Trap Kitchen: South London Soulfood With A Cult Following

By Lydia Manch Last edited 34 months ago
Trap Kitchen: South London Soulfood With A Cult Following
Image by Lydia Manch.

What's the deal?

The south London pop up — a wildly popular, takeaway only operation — went bricks-and-mortar back in 2016 on Bedford Hill in Balham, with sibling restaurants in Birmingham and Manchester, and a second London spot in Elephant and Castle.

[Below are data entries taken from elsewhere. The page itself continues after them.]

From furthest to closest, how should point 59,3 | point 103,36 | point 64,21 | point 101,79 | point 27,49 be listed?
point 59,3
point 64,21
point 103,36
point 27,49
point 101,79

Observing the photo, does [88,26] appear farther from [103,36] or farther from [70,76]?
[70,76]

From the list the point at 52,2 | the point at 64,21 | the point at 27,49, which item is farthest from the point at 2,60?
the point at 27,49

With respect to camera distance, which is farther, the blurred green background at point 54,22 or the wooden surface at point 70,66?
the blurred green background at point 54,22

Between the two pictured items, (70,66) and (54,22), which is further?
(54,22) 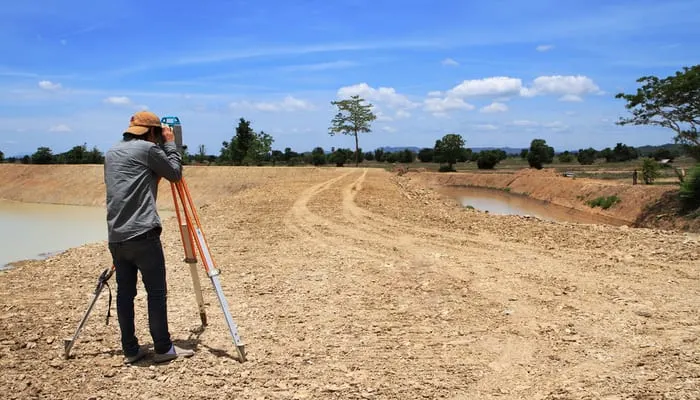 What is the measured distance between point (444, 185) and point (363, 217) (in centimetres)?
4063

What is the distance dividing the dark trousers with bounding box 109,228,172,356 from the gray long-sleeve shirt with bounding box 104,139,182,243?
0.31 feet

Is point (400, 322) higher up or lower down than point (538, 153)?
lower down

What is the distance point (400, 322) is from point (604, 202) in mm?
28251

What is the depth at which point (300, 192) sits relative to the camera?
18.9 m

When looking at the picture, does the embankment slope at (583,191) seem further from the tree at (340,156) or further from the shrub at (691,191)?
the tree at (340,156)

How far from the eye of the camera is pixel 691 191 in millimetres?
21359

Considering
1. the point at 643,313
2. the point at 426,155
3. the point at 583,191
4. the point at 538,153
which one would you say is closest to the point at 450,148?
the point at 538,153

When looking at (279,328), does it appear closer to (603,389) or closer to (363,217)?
(603,389)

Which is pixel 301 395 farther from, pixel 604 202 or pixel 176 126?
pixel 604 202

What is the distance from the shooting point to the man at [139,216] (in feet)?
12.7

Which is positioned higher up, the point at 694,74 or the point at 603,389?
the point at 694,74

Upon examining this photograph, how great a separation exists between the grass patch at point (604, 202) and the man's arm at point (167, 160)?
29212mm

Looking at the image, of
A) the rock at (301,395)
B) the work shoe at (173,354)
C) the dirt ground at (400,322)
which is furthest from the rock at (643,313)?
the work shoe at (173,354)

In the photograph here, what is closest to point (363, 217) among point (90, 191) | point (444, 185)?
point (90, 191) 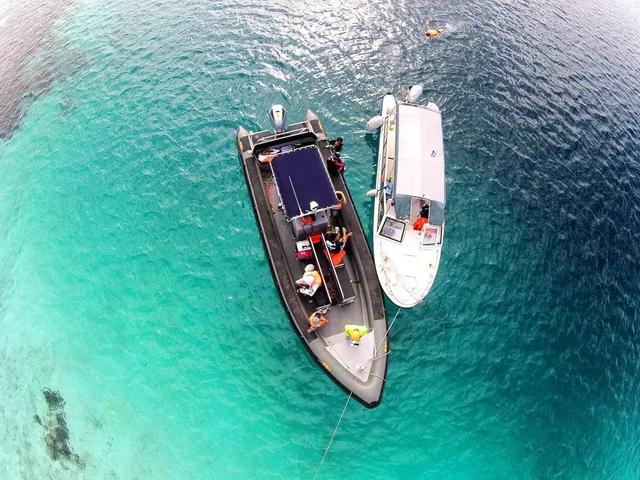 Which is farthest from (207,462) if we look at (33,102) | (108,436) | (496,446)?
(33,102)

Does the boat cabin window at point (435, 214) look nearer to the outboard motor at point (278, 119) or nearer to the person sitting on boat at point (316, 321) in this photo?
the person sitting on boat at point (316, 321)

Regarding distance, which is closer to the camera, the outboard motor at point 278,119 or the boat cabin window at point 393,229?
the boat cabin window at point 393,229

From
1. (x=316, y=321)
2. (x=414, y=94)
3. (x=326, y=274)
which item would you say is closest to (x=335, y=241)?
(x=326, y=274)

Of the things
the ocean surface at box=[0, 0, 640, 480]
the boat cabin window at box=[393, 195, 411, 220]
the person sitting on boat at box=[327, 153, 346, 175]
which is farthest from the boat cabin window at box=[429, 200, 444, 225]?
the person sitting on boat at box=[327, 153, 346, 175]

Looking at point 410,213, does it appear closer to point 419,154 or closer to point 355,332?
point 419,154

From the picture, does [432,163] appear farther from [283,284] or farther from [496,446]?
[496,446]

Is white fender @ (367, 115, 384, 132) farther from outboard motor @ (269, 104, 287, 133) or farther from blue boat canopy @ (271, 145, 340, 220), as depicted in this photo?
blue boat canopy @ (271, 145, 340, 220)

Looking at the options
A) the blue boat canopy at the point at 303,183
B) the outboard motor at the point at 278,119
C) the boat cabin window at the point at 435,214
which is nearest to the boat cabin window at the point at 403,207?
the boat cabin window at the point at 435,214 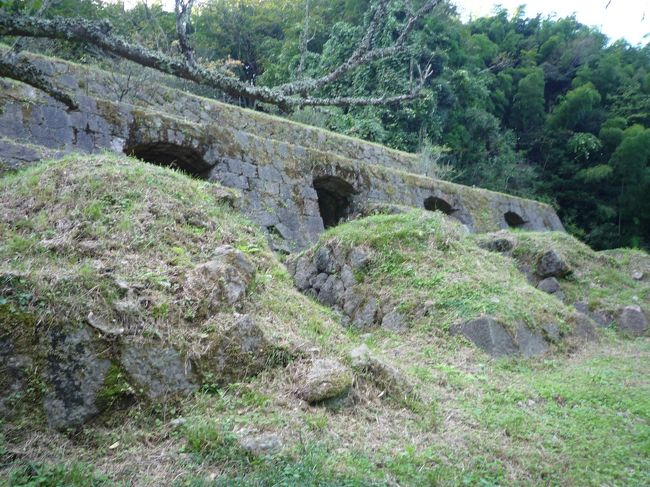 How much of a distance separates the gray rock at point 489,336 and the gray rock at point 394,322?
558 millimetres

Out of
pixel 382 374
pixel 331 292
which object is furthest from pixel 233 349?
pixel 331 292

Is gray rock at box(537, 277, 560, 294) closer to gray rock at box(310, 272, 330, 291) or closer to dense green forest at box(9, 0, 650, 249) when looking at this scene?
gray rock at box(310, 272, 330, 291)

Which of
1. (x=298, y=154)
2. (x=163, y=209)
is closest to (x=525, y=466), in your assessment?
(x=163, y=209)

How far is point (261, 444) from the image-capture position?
93.8 inches

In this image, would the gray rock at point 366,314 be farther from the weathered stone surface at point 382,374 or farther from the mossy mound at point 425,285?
the weathered stone surface at point 382,374

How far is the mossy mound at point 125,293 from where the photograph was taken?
255cm

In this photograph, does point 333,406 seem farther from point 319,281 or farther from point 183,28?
point 319,281

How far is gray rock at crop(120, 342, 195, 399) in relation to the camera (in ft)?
8.84

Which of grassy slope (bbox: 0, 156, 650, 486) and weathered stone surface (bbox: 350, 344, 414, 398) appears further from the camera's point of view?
weathered stone surface (bbox: 350, 344, 414, 398)

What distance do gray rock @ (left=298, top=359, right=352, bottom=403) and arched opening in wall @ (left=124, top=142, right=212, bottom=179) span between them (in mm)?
4636

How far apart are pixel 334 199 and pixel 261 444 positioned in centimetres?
714

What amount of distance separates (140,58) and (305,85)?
0.79 metres

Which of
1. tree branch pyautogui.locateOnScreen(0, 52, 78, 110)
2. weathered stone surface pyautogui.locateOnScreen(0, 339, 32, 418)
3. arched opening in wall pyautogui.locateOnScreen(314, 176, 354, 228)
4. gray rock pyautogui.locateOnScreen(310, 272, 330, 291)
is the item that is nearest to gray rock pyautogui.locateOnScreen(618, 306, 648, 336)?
gray rock pyautogui.locateOnScreen(310, 272, 330, 291)

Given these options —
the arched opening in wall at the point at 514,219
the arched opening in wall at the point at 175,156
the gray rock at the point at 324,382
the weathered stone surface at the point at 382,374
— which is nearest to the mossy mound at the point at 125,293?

You might know Prince Owusu, the man behind Trap Kitchen, from an appearance on My Million Pound Menu on BBC — Owusu didn't win funding on the show, but at that point Trap was already crazy successful from social media sales alone.

What's the vibe?

Small, informal, friendly. Not massively fast — this isn't somewhere you'd come when you have theatre tickets and need to make a hasty meal of it. This is a place to order an improbable amount of food, and embed with a strawberry daiquiri while you're waiting for that to arrive (you might need several daiquiris).

What's on the menu?

Mostly platters — messy, decadent ones. Chicken thighs, snow crab, lobster tails, mac and cheese, corn, waffles. Check out the current menu here.

Frozen strawberry daiquiris on tap — comes in two stripes, Virgin or Hard. Hard has a good slug of white rum in there, and is, in fact, hard as nails.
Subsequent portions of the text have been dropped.